What is needed:
Set every entry down again, unchanged, picture-free.
#### Exercise input ####
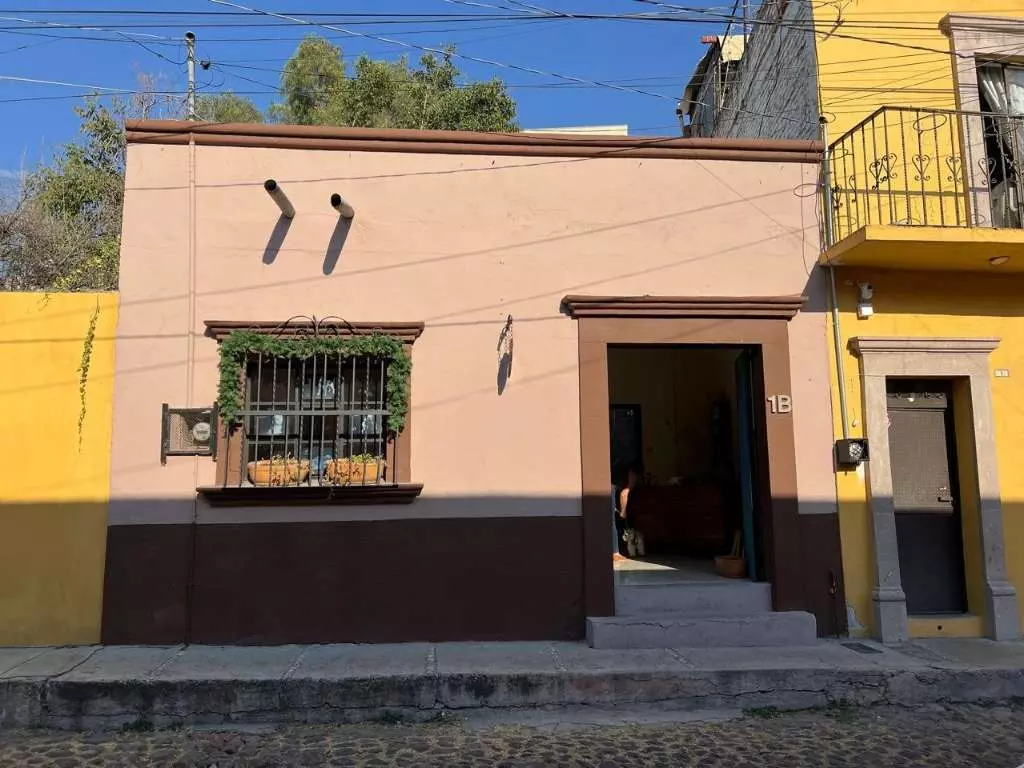 Casa Torres — Guadalupe, San Miguel de Allende — charming colonial facade, vibrant street presence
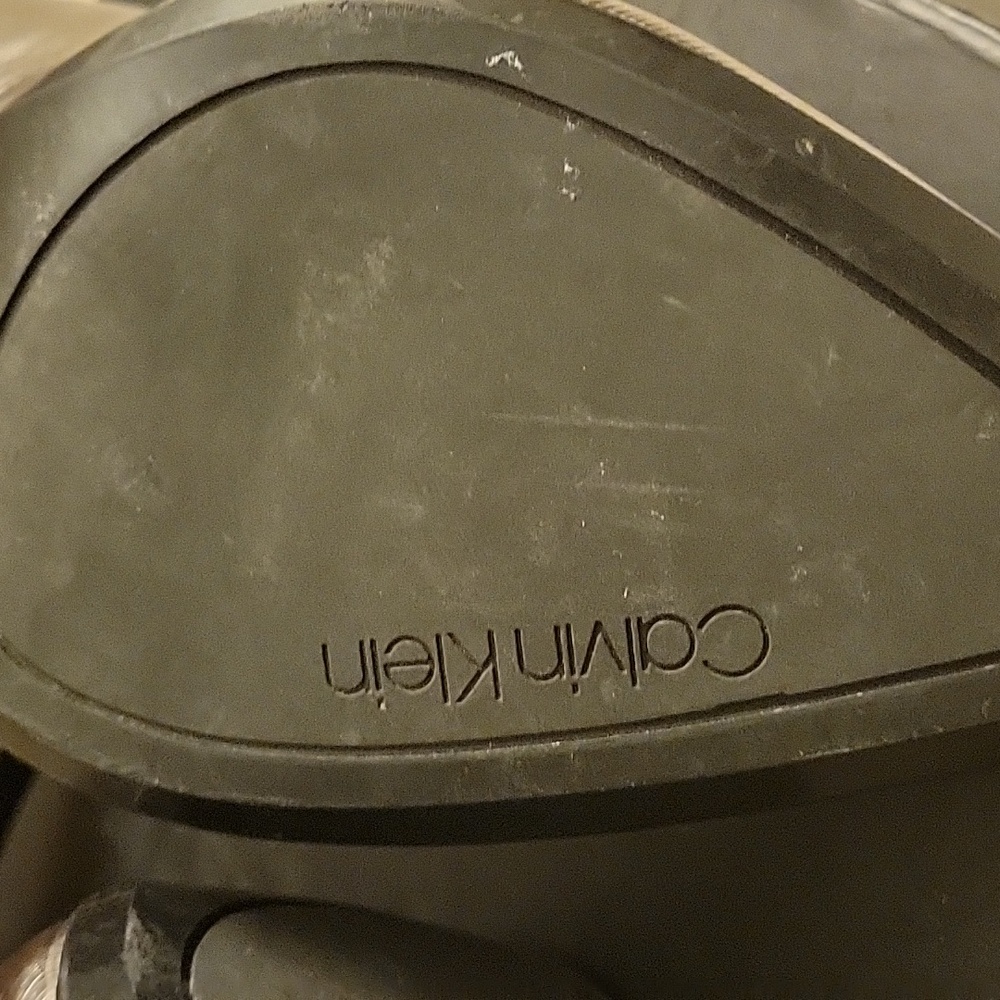 Shoes - Picture 4 of 7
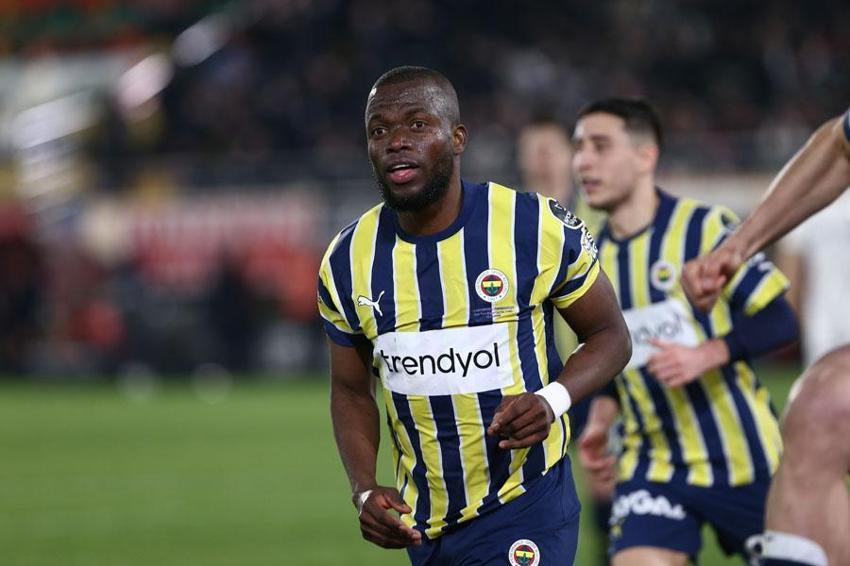 30 gol atmış yıldızı bedavaya elinden kaçırdı! 'Bir anlaşma olduğunu öğrendik'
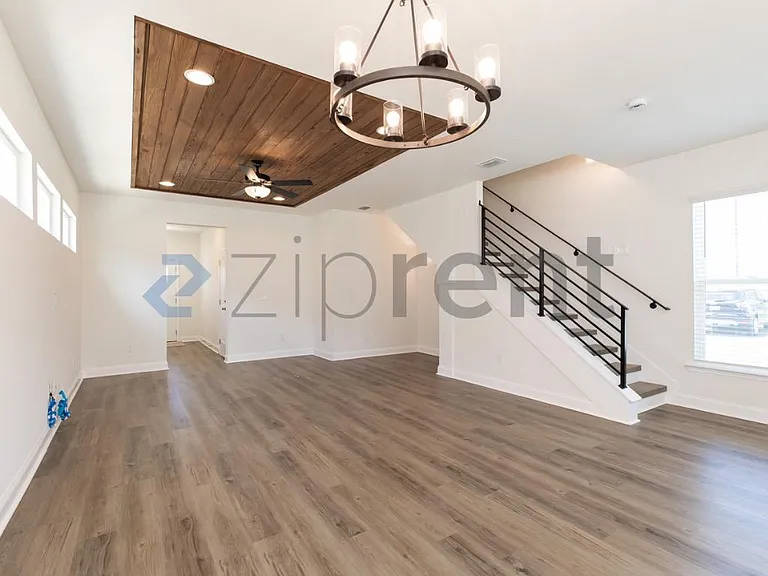 1402 Landon Hills Dr — Photo 11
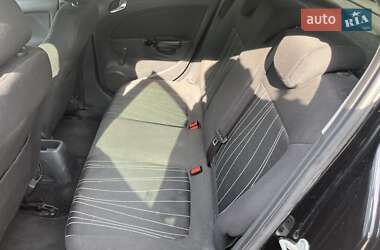 Хетчбек Opel Corsa 2009 в 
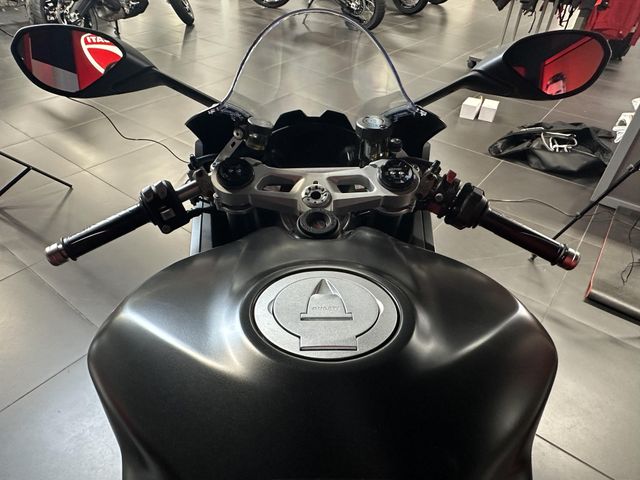 2025 Ducati PANIGALE V2Image 6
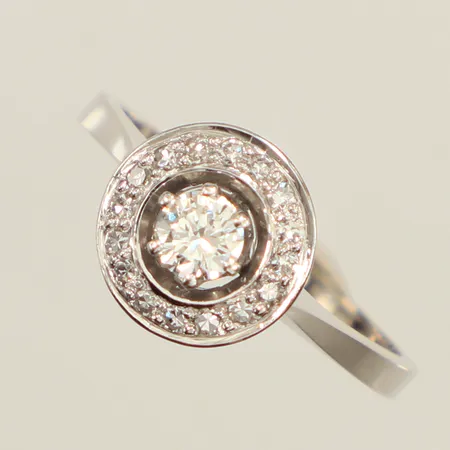 Ring med diamanter ca 1x 0,23ct, 16 x0,01ct, totalt 0,41ct, enligt gravyr , vitguld, stl 18, bredd ca 10mm, år 1967, 18K Vikt: 3,3 g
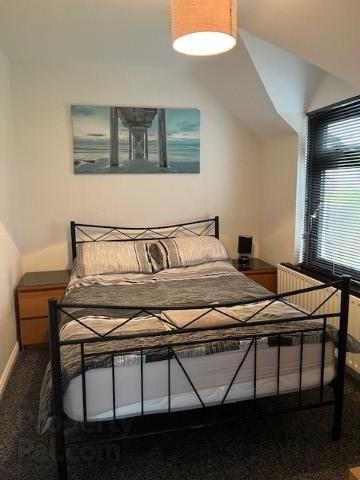 22 Dhu Varren Park South 13 of 15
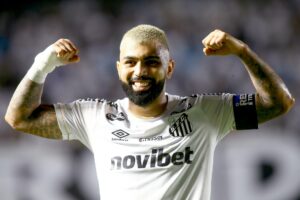 Sob olhares de Neymar e Rodrygo, Gabigol conduz Santos aos playoffs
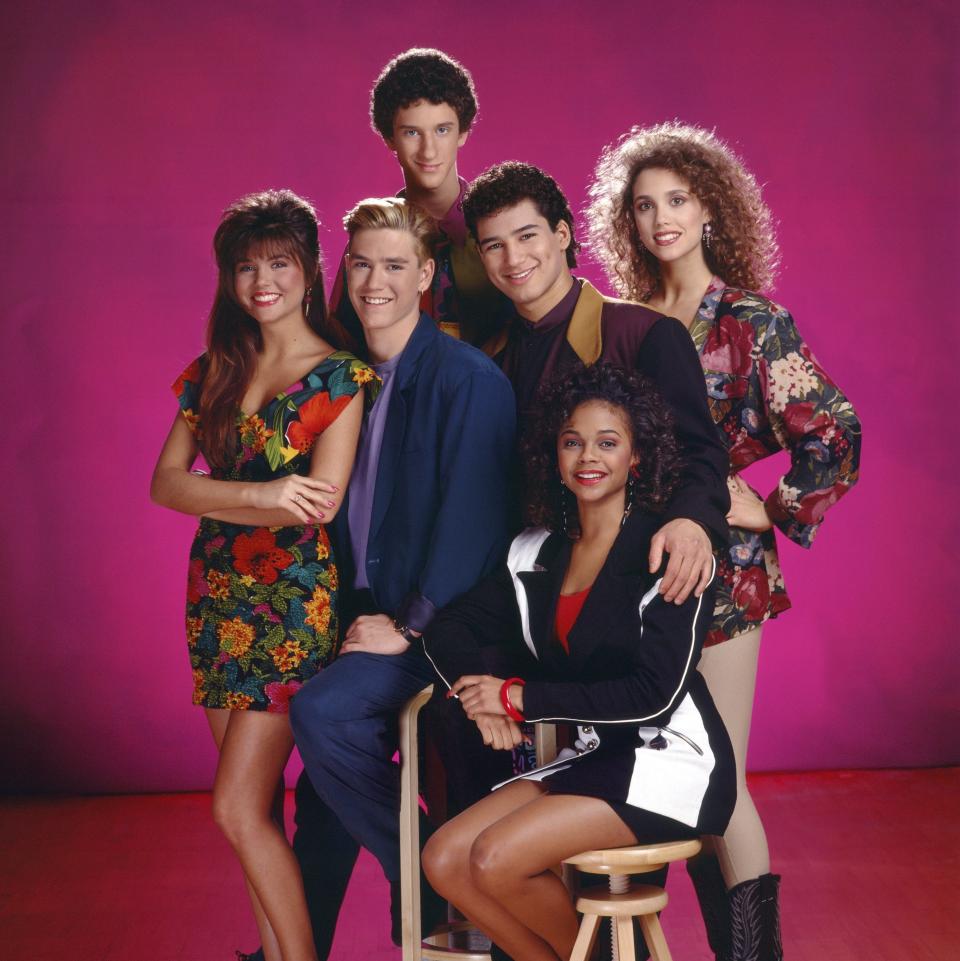 Tiffani-Amber Thiessen, Mark-Paul Gosselaar, Dustin Diamond, Mario Lopez, Elizabeth Berkley and Lark Voorhies in 'Saved by the Bell,' '90s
####
Your response:
 Casa Torres — Guadalupe, San Miguel de Allende — charming colonial facade, vibrant street presence
 Shoes - Picture 4 of 7
 30 gol atmış yıldızı bedavaya elinden kaçırdı! 'Bir anlaşma olduğunu öğrendik'
 1402 Landon Hills Dr — Photo 11
 Хетчбек Opel Corsa 2009 в 
 2025 Ducati PANIGALE V2Image 6
 Ring med diamanter ca 1x 0,23ct, 16 x0,01ct, totalt 0,41ct, enligt gravyr , vitguld, stl 18, bredd ca 10mm, år 1967, 18K Vikt: 3,3 g
 22 Dhu Varren Park South 13 of 15
 Sob olhares de Neymar e Rodrygo, Gabigol conduz Santos aos playoffs
 Tiffani-Amber Thiessen, Mark-Paul Gosselaar, Dustin Diamond, Mario Lopez, Elizabeth Berkley and Lark Voorhies in 'Saved by the Bell,' '90s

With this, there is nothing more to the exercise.